(Exercise data)

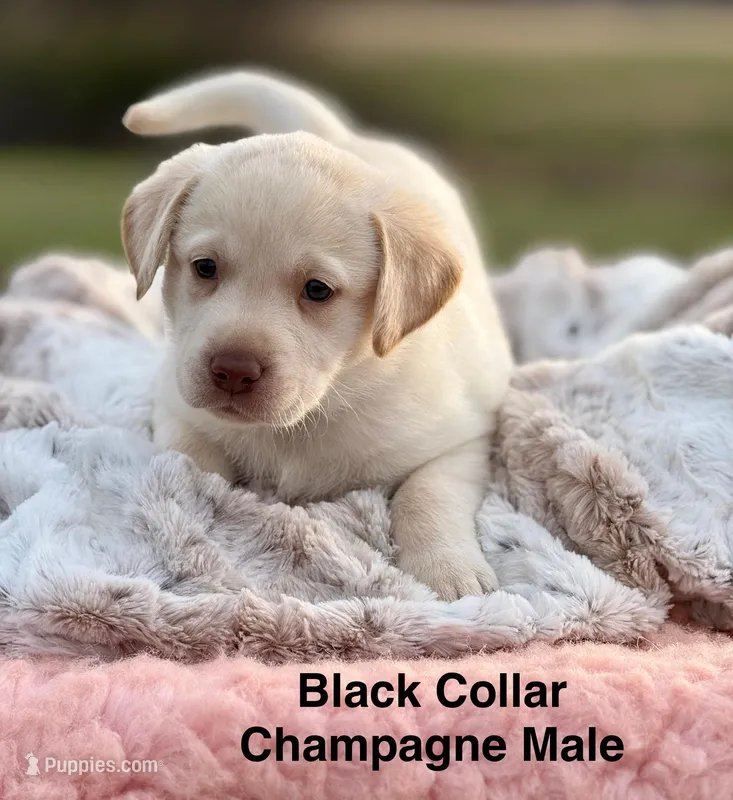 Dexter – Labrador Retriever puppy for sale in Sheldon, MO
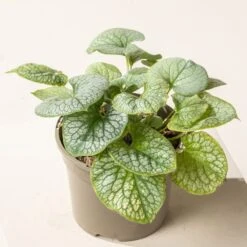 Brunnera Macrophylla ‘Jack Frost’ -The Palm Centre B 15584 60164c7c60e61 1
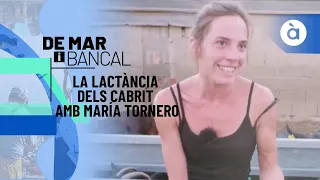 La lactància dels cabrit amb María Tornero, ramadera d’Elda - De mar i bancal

(End Exercise data)

Task to complete: Copy out the data above to the letter, and keep every picture out of it.

Response to this task:
 Dexter – Labrador Retriever puppy for sale in Sheldon, MO
 Brunnera Macrophylla ‘Jack Frost’ -The Palm Centre B 15584 60164c7c60e61 1
 La lactància dels cabrit amb María Tornero, ramadera d’Elda - De mar i bancal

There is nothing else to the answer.